Another issue is that the implications of computer-based approaches for validity and reliability have not been thoroughly evaluated.
The challenge of developing innovative assessments that are high in quality and cost-effective has not yet been fully resolved, in Hamilton’s view. “Recent history suggests that the less you constrain prompts and responses, the more technically and logistically difficult it can be to obtain high-quality results,” she observed. Yet past and current work has explored ways to measure important constructs that were not previously accessible, and the sheer number and diversity of innovations has been “impressive and likely to shape future test development in significant ways,” she said. Work in science has been at the forefront, in part because problem solving and inquiry are important components of the domain but have been difficult to assess. She suggested that many pioneering efforts in science assessments are likely to find applications in other subjects, over time. This is an important development because the current policy debate has emphasized the role that data should play in decision making at all levels of the education system, from determining teacher and principal pay to informing day-to-day instructional decisions. Assessments that provide deeper and richer information will better meet the needs of students, educators, and policy makers. The possibility of broadening the scope of what can be assessed for accountability purposes is also likely to reinforce other kinds of reform efforts.

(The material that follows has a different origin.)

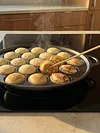 19 Holes Takoyaki Grill Pan Octopus Ball Maker Non-Stick Takoyaki Pan Pre-Seasoned Cast Iron Octopus Ball Grill for Baking Cooking Kitchen Gadgets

Hamilton also pointed out the tradeoffs inherent in any proposed use of large-scale assessment data. Test-score data are playing an increasingly prominent role in policy discussions because of their integral role in statistical analyses that can be used to support inferences about teachers’ performance and other accountability questions. Growth, or value-added, models (designed to isolate the effects of teachers from other possible influences on achievement) rely on annual testing of consecutive grades—a need that may mean significant constraints on the sorts of innovative assessments that can be used. Using a combination of traditional and innovative assessments may provide a suitable tradeoff, Hamilton said. She also called for improved integration between classroom and large-scale assessments. “No single assessment is likely to serve the needs of a large-scale program and classroom-level decision making equally well,” she argued. A coordinated system that includes a variety of assessment types to address the needs of different user groups might be the wisest solution.